### What you need to do
Output must match the data below exactly from its first line through the line that contains "Black greyhound sleeps", with no other line.

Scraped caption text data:
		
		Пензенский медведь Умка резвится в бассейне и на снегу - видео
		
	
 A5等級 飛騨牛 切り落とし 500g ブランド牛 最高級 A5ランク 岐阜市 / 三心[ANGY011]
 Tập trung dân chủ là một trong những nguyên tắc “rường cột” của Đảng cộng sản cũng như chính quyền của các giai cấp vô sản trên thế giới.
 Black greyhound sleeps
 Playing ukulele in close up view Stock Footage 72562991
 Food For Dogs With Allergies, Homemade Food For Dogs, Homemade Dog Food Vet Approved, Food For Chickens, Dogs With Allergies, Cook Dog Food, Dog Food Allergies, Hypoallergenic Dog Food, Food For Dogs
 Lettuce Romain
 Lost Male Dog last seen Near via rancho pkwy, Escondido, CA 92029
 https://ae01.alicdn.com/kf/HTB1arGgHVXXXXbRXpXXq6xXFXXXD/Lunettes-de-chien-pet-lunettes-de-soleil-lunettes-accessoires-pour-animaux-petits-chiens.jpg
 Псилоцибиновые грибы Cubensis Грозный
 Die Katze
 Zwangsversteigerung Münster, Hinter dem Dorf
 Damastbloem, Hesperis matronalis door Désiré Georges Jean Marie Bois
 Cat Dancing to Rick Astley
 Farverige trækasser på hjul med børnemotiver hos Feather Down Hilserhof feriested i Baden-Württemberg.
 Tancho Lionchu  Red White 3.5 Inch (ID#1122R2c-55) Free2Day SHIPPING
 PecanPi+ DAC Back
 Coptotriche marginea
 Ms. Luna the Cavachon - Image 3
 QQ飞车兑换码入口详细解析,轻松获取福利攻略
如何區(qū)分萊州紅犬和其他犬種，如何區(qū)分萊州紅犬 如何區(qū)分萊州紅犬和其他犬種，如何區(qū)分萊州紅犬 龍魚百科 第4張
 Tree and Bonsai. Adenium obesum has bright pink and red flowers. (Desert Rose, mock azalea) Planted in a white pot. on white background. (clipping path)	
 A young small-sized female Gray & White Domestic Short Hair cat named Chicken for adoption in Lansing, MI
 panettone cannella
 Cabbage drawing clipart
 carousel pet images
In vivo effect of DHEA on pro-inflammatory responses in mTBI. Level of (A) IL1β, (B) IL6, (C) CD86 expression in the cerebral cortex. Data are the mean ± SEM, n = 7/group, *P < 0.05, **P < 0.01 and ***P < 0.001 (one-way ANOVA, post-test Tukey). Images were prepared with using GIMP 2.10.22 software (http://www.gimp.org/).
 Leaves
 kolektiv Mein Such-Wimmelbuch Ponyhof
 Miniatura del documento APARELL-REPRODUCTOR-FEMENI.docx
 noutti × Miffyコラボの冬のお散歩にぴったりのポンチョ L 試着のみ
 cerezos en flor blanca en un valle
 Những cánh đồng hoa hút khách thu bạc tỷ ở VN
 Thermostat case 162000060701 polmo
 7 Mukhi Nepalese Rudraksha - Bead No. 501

### Answer section
		Пензенский медведь Умка резвится в бассейне и на снегу - видео
		
	
 A5等級 飛騨牛 切り落とし 500g ブランド牛 最高級 A5ランク 岐阜市 / 三心[ANGY011]
 Tập trung dân chủ là một trong những nguyên tắc “rường cột” của Đảng cộng sản cũng như chính quyền của các giai cấp vô sản trên thế giới.
 Black greyhound sleeps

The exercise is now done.